直接reduceByKey完成分组求和排序
def main(args: Array[String]): Unit = {
val in = "file:///home/hadoop/data/site.log"
//连接SparkMaster
val conf = new SparkConf().setAppName(this.getClass.getSimpleName).setMaster("local[2]")
val sc = new SparkContext(conf)
val fileRDD = sc.textFile(in)
val mapRDD = fileRDD.map(lines => {
val words = lines.split("\t")
((words(0), words(1)), 1) //((domain,url),1)
})
val result = mapRDD.reduceByKey(_ + _).groupBy(x => x._1._1).mapValues( x=> x.toList.sortBy(x => -x._2).map(x => (x._1._1,x._1._2,x._2)).take(2))
result.foreach(println)
}该方法虽然直接,但是在reduceByKey和groupBy分别进过了shuffle,而且x.toList是一个非常吃内存的操作,如果数据量大,直接OOM
def main(args: Array[String]): Unit = {
val in = "tunan-spark-core/data/site.log"
//连接SparkMaster
val conf = new SparkConf().setAppName(this.getClass.getSimpleName).setMaster("local[2]")

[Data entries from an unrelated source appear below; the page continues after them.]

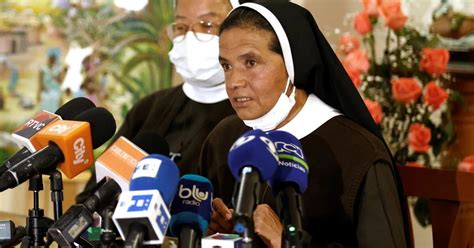 la monja colombiana gloria narváez cuenta la crudeza de su secuestro en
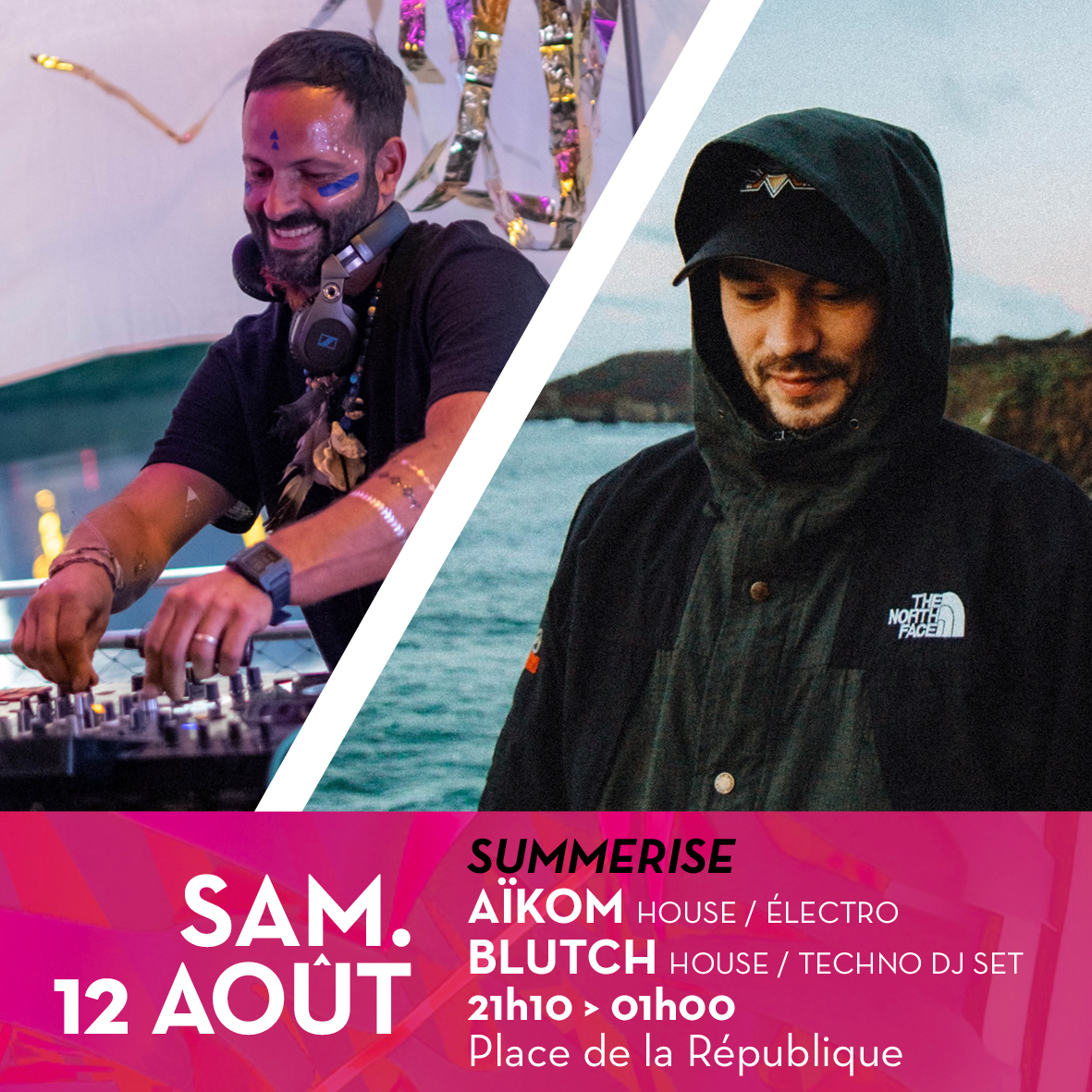 SUMMERISE x 12 AOÛT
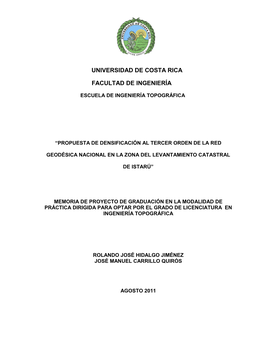 Universidad De Costa Rica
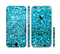 The Turquoise Glimmer Sectioned Skin Series for the Apple iPhone 6s Plus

val sc = new SparkContext(conf)
val fileRDD = sc.textFile(in)
val mapRDD = fileRDD.map(lines => {
val words = lines.split("\t")
((words(0), words(1)), 1)
})
val domains = Array("www.google.com", "www.ruozedata.com", "www.baidu.com")
for (domain <- domains){
mapRDD.filter(x => x._1._1.equals(domain)).reduceByKey(_+_).sortBy(x => -x._2).take(2).foreach(println)
}
}核心思想:把需要分组分类的数据提前拿出来,在filter中过滤,每次执行一个分组,虽然减少了一次shuffle,但是我们不可能每次都把需要的数据都能提前拿到数据
使用ditinct.collect返回的数组替换人为创建的数组
def main(args: Array[String]): Unit = {
val in = "tunan-spark-core/data/site.log"
//连接SparkMaster
val conf = new SparkConf().setAppName(this.getClass.getSimpleName).setMaster("local[2]")
val sc = new SparkContext(conf)
val fileRDD = sc.textFile(in)
val mapRDD = fileRDD.map(lines => {
val words = lines.split("\t")
((words(0), words(1)), 1)
})
val domains = mapRDD.map(x => x._1._1).distinct().collect()
for (domain <- domains){
mapRDD.filter( x => domain.equals(x._1._1)).reduceByKey(_+_).sortBy(x => -x._2).take(2).foreach(println)
}
}有人说distinct性能不好,但是我们这里使用去重的是domain,这个数据量并不是很大,可以勉强接受,现在每次都使用for循环来处理数据,能不能更加优化一下呢
使用分区执行替换for循环
def main(args: Array[String]): Unit = {
val in = "tunan-spark-core/data/site.log"
//连接SparkMaster
val conf = new SparkConf().setAppName(this.getClass.getSimpleName).setMaster("local[2]")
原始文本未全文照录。